The announcement comes following a similar move by the Administration in April 2025 when the President announced a proclamation to unleash American commercial fishing in the Pacific Ocean. Opening up protected waters is a key component of Trumpʻs America First Fishing Policy. The first proclamation temprorarily opened the Pacific Remote Islands Marine National Monument (PRIMNM) to commercial fishing.

Following the 2025 decree, the US fishing fleet moved into Johnson Atoll and fished until blocked by an injunction filed in Hawaii Superior Court by cultural and environmental groups in Hawaii. On August 7, 2025 the federal district court in Honolulu ruled that commercial fishing cannot legally continue in the Pacific Islands Heritage Marine National Monument, which is located to the south and southwest of Hawai‘i. The court’s order declares unlawful and cancels the National Marine Fisheries Service’s (NMFS) April 25 letter that purported to authorize commercial fishing in the portions of the monument that President Obama protected in 2014. NMFS issued the letter despite lawfully enacted regulations prohibiting such fishing that remain on the books.

The monument’s protections provide a refuge for biodiversity and intact populations including coral reefs threatened by human impacts, improving their resiliency against climate change. Deep water coral reefs, seamounts, guyots, submerged reefs and banks, and deep-water benthic communities also find protection within the monument boundaries. Many of these habitats are not well understood scientifically, and new species are yet to be discovered.

Even short-term commercial fishing can inflict long-term, irreparable harm on the pristine marine environment. The monument designations, and associated ban on taking marine resources, provide needed protection to scientific and historical treasures in one of the most spectacular and unique ocean ecosystems on earth. The monument’s status allows its waters to be havens for a vast range of marine wildlife including five species of threatened or endangered sea turtles, like the leatherback, that use these waters to feed and migrate. The waters are habitat for large populations of sharks including the critically endangered oceanic whtetip shark, as well as 22 species of protected and marine mammals, and millions of seabirds that use the monument waters and islands to nest, breed and feed.

President Trump’s order violates the intent of the original Antiquities Act. This 1906 law allows presidents to designate and protect public lands as national monuments but does not grant them the authority to strip vital protections from established monuments. This lawsuit challenges President Trump’s action as unlawful for exceeding the president’s constitutional authority and infringing upon the powers reserved to Congress.

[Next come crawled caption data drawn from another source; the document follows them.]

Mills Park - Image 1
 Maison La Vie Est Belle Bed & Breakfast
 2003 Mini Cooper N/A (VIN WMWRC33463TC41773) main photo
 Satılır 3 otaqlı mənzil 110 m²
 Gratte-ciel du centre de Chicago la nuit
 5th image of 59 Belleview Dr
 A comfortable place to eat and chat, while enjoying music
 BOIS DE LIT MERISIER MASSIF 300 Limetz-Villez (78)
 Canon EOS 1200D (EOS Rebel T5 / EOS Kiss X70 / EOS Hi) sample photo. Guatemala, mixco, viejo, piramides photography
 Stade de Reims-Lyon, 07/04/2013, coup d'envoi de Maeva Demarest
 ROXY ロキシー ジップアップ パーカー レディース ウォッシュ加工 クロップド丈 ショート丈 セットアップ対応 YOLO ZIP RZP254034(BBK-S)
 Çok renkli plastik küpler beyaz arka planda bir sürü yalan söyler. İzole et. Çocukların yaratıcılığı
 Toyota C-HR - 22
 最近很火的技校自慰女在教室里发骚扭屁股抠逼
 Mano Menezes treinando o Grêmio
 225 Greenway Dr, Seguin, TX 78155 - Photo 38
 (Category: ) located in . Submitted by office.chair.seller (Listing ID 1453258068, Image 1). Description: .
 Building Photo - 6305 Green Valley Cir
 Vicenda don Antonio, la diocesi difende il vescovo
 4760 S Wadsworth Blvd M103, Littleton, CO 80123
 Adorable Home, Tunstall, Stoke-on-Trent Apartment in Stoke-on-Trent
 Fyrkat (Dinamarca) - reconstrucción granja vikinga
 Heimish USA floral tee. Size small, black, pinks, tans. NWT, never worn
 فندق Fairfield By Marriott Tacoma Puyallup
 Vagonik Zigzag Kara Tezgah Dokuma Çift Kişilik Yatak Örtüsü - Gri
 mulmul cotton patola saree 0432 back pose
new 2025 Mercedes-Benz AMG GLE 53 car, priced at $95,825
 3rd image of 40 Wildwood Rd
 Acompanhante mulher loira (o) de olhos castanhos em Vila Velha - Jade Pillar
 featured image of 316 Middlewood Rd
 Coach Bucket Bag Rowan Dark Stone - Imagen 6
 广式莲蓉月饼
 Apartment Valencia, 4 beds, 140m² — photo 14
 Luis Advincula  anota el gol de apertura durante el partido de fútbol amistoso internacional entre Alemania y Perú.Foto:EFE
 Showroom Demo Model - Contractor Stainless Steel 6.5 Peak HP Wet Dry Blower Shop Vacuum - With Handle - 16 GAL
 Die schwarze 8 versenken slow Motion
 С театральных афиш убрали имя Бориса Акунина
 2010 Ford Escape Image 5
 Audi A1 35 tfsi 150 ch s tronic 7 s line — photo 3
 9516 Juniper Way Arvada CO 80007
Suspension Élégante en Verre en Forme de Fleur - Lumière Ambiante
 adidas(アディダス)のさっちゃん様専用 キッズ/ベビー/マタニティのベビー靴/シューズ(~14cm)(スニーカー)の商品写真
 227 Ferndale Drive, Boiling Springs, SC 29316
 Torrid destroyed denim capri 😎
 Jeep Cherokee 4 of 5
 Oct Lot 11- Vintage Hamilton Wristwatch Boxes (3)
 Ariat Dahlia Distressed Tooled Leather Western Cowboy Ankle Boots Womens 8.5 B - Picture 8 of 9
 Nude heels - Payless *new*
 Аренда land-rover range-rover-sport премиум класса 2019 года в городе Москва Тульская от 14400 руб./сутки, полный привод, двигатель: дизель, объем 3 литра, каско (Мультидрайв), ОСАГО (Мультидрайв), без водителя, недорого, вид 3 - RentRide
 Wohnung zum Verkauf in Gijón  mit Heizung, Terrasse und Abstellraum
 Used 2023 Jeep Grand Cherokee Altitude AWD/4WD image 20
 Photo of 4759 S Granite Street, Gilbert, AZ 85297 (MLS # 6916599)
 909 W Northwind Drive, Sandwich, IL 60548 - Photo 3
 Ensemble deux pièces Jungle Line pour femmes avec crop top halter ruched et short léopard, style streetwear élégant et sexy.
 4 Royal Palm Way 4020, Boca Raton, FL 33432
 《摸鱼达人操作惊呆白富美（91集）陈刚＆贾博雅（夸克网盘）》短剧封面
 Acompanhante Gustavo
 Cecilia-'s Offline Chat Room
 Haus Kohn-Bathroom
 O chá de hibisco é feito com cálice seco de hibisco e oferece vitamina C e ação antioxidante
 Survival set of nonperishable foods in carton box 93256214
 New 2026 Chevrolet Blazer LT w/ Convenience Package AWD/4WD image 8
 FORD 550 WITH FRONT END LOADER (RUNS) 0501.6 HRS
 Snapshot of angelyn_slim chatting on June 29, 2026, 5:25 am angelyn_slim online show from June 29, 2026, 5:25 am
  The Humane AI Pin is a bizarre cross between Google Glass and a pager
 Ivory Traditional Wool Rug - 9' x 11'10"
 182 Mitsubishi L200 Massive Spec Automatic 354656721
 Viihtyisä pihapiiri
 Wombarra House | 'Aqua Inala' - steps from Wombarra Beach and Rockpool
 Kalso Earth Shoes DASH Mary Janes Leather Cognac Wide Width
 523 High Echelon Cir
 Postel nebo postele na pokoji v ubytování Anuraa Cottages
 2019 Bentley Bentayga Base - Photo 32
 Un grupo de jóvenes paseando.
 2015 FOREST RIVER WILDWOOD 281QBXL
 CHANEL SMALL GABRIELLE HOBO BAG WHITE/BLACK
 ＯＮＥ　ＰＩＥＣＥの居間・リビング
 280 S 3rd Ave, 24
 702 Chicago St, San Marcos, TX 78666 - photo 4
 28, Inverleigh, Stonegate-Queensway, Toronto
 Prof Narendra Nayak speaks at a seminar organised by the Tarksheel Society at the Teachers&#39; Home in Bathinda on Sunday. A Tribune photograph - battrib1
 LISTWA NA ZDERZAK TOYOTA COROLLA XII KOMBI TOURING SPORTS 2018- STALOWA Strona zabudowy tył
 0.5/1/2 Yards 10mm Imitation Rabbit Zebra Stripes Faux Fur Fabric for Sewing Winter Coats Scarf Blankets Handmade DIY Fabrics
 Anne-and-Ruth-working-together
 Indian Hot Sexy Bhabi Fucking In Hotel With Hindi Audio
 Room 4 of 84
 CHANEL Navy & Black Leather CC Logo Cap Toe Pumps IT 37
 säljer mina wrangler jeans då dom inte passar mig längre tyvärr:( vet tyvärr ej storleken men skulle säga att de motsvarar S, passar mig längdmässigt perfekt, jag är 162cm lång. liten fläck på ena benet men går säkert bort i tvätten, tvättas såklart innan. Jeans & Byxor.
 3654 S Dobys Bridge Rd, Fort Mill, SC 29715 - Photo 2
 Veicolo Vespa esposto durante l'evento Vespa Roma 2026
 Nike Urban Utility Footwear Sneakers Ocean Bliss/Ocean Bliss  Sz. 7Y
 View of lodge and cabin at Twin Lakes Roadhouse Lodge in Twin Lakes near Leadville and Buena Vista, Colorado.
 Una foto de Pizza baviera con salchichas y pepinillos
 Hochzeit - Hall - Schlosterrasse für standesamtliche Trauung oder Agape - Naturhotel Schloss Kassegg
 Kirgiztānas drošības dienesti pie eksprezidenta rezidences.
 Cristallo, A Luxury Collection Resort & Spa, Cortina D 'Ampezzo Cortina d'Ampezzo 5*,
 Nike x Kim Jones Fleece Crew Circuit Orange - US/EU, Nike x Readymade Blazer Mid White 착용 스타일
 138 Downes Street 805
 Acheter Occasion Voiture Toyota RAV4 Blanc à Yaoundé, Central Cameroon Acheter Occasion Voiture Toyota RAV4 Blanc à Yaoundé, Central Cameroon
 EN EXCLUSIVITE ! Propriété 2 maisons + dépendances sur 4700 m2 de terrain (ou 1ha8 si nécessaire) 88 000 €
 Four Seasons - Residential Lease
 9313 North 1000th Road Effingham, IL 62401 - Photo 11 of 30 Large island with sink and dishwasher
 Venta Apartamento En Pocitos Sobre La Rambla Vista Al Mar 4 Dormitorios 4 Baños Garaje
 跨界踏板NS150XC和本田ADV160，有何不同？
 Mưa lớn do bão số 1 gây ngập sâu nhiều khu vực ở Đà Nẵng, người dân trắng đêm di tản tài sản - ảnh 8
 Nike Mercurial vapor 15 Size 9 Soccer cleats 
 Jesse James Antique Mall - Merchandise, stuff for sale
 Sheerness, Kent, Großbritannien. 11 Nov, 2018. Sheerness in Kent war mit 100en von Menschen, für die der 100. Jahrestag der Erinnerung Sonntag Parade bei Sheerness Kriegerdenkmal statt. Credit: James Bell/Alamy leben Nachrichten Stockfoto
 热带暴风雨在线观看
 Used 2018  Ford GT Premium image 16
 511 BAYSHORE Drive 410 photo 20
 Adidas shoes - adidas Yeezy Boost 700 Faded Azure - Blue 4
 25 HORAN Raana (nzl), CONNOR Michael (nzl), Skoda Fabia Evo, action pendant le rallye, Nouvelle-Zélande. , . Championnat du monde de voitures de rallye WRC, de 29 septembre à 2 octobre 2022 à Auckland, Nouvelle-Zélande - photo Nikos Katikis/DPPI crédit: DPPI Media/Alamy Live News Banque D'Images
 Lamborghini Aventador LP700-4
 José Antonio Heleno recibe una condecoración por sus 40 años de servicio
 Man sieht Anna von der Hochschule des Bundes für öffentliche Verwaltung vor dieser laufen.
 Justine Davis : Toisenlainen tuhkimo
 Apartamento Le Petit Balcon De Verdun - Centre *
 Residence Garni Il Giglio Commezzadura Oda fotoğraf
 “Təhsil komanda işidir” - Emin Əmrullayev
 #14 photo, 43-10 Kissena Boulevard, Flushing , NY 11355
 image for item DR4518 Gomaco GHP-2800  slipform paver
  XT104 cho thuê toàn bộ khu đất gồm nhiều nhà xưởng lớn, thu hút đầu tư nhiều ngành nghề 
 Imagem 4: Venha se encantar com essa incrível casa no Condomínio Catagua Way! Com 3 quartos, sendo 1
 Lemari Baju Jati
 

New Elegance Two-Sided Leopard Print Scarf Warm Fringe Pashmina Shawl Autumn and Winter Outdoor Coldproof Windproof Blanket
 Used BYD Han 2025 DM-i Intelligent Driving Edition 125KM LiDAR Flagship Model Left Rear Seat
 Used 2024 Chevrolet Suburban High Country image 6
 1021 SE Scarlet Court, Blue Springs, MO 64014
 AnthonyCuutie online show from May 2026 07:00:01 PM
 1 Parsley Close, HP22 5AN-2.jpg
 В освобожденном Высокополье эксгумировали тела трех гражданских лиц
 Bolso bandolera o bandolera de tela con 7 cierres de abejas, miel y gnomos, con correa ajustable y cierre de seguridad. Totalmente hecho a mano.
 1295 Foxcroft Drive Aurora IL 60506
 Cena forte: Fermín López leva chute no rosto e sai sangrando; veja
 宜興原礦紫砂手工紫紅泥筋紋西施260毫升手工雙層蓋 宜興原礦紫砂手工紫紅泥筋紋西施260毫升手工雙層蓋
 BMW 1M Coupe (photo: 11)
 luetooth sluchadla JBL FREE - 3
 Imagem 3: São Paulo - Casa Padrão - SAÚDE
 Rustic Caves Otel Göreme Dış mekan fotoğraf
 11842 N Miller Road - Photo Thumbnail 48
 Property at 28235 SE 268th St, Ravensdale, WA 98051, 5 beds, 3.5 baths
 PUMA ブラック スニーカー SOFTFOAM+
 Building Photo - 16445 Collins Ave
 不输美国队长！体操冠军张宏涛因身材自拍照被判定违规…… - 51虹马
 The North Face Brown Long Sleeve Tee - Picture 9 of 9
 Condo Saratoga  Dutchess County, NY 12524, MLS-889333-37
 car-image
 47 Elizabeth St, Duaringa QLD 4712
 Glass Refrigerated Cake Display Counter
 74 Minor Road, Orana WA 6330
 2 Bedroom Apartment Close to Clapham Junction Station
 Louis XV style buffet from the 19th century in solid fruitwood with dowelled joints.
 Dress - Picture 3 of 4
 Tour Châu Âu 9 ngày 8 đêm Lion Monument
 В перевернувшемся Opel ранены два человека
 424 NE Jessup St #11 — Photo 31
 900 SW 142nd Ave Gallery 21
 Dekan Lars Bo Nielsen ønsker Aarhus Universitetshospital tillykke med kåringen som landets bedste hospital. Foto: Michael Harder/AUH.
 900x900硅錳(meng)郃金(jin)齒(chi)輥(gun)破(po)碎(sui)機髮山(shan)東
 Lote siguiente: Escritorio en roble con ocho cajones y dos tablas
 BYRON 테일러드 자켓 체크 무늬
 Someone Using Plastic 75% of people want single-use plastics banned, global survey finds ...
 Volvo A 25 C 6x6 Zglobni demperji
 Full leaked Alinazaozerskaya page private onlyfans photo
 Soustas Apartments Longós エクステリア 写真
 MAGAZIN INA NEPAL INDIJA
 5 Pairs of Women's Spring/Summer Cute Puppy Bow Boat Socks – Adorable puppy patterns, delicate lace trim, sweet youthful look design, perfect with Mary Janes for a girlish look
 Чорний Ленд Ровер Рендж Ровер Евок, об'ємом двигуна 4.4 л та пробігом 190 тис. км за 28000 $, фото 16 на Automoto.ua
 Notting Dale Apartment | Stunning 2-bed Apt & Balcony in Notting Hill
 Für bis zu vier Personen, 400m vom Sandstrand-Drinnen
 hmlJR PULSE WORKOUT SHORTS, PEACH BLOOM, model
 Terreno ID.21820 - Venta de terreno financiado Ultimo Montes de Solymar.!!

The NMFS’s approval to allow commercial fishing violates several important American environmental laws, including the Magnuson-Stevens Fishery Conservation and Management Act, the Endangered Species Act, and the National Environmental Policy Act. Among other violations, the NMFS bypassed a clear, longstanding legal requirement that it first publish rules in the Federal Register before amending or repealing existing regulations so that affected parties can have input on how best to protect public marine resources. NMFS has not published new rules in the Federal Register as required, and has failed to conduct any environmental review to assess the impact that opening this area to commercial fishing would have on endangered species and the ecosystem, as required by the Endangered Species Act and National Environmental Policy Act.